This process also removes some contextual information which would otherwise be available to each resource, such as its location in the file directory, but this is usually not a problem. However, some resources may rely on this information to provide their functionality. In these cases, the stream object must load its resource files in a different manner that preserves the necessary contextual information at the cost of risking errors.

This decision is made when packaging the agent using the XMPro Stream Integration Manager. On the initial Agent description page and next to the text box for Entry Point is the checkbox for Isolated Loading.

Leaving this box checked will tell the stream host that your agent does not require any contextual information from its resource files and should not share static state with its other instances. Unchecking this box will tell the stream host that the resource should be loaded into a shared memory space with all its contextual information left intact.

Avoiding errors due to non-isolated agents

The main source of possible errors in non-isolated agents comes from loading the same resource twice from two different agents into a stream host. These errors will prevent any stream containing the later agents from starting, and can arise both from two different non-isolated agents referencing the same resource or by two different versions of the same agent doing the same.
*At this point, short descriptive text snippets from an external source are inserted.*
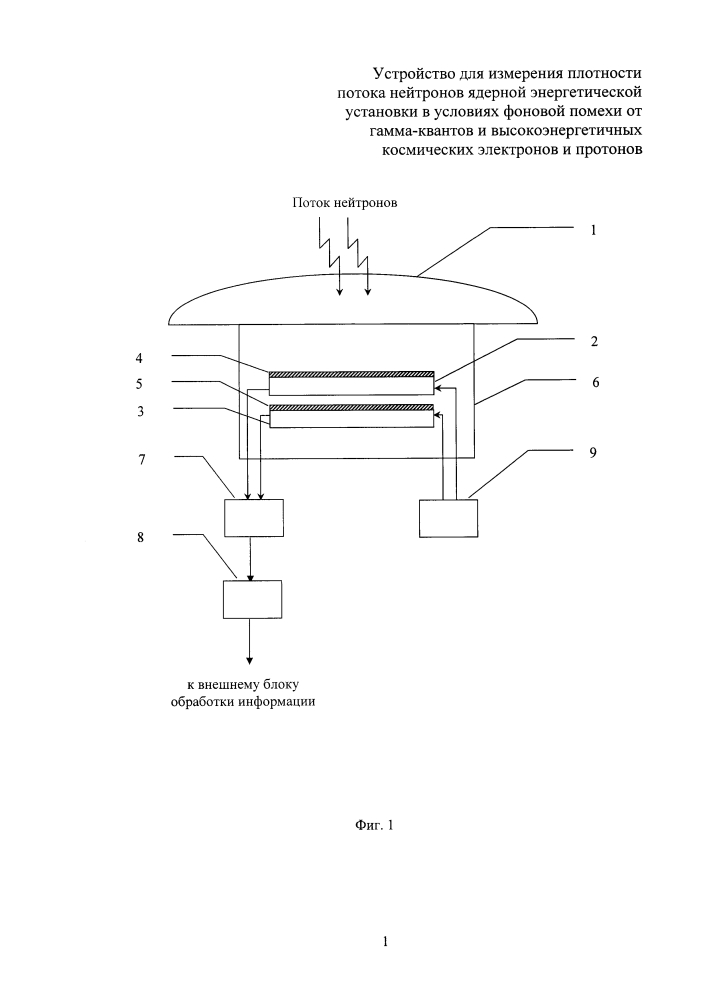 Устройство для измерения плотности потока нейтронов ядерной энергетической установки в условиях фоновой помехи от гамма-квантов и высокоэнергетичных космических электронов и протонов (патент 2615709)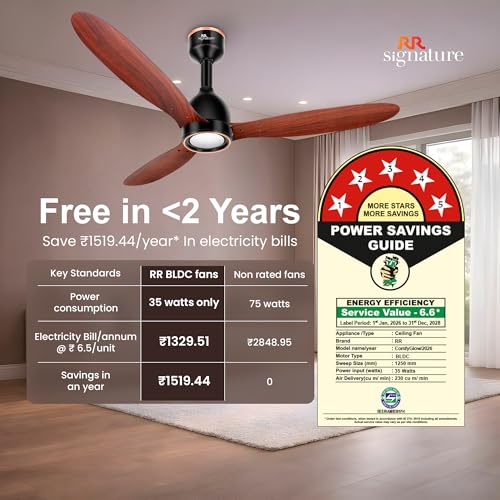 Image of RR Signature COMFYGLOW 1250mm BLDC Underlight Ceiling Fan with 100% Pure Copper Motor - 35W | 350 RPM High Speed | Remote Control & LED Light | 3 Light Modes | 3 Year Warranty - Mahogany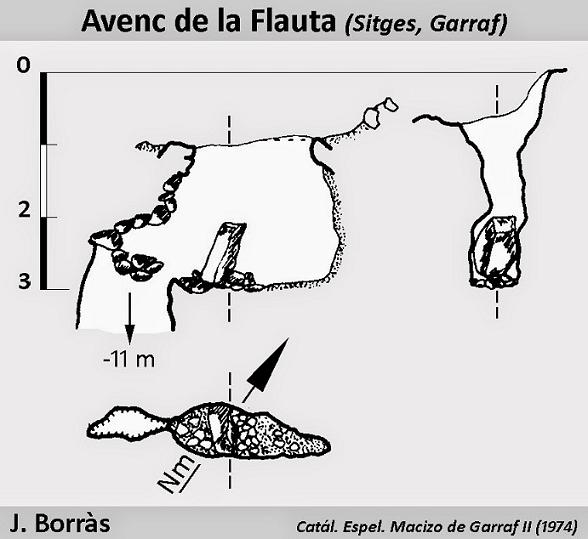 topo 1: Avenc de la Flauta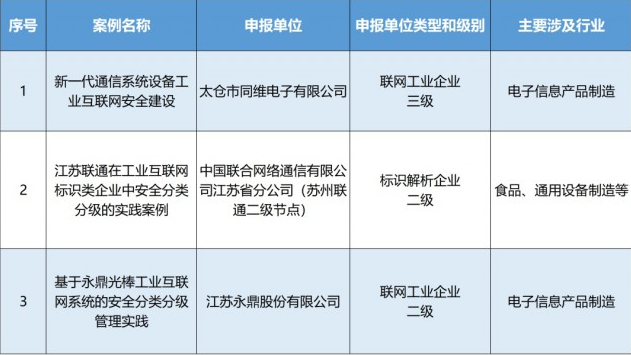 苏州再获全国第一！3家企业入选互联网安全服务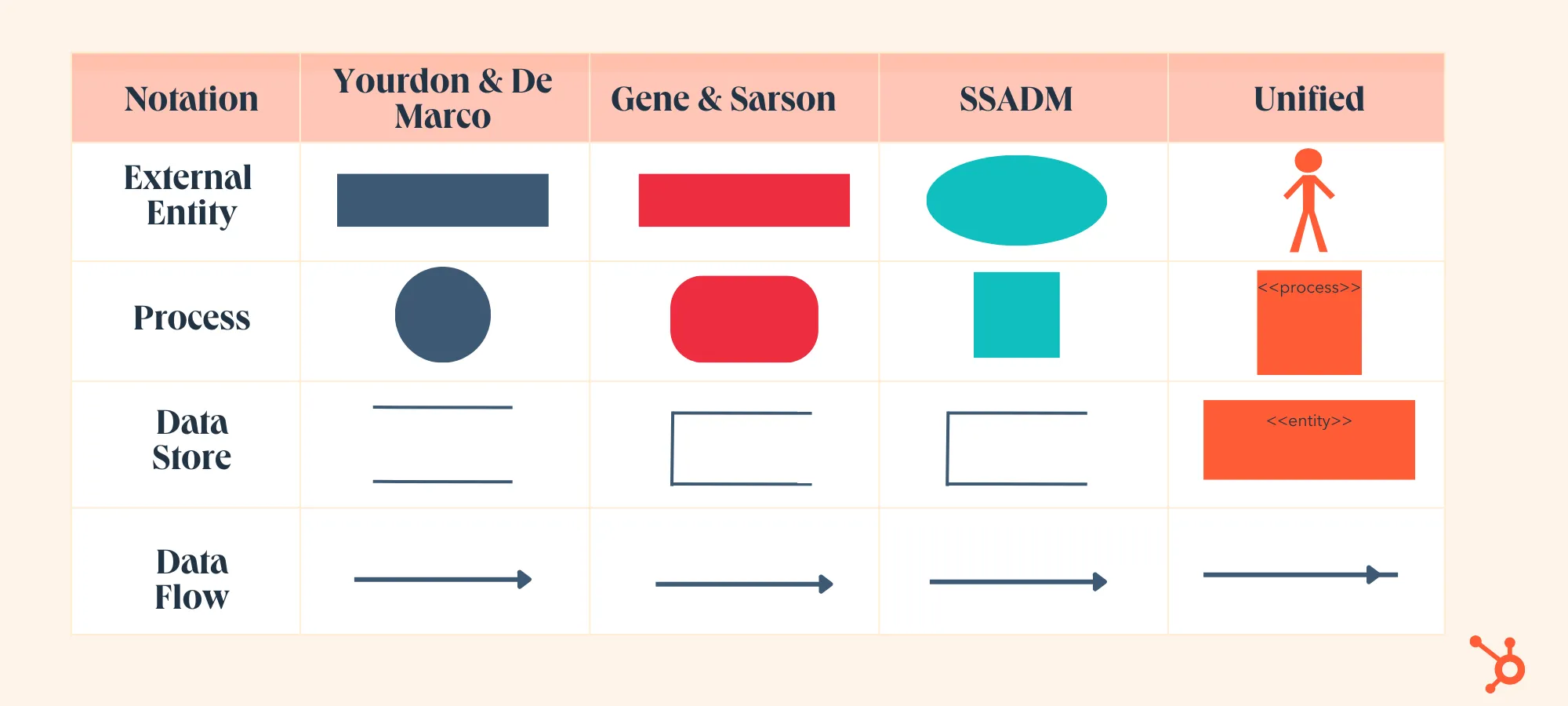 Basic Elements of a Data Flow Diagram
The same version of an agent running twice will not throw an error.

This can be avoided by designing and allocating your streams to ensure that two non-isolated agents with similar resources never run on the same collection. If you need to update a stream object to a later version of a non-isolated agent or want to switch to running another non-isolated agent altogether, any streams containing the initial agent must be unpublished and all stream hosts in that collection to remove all traces of the first agent from memory restarted before the new stream has been published.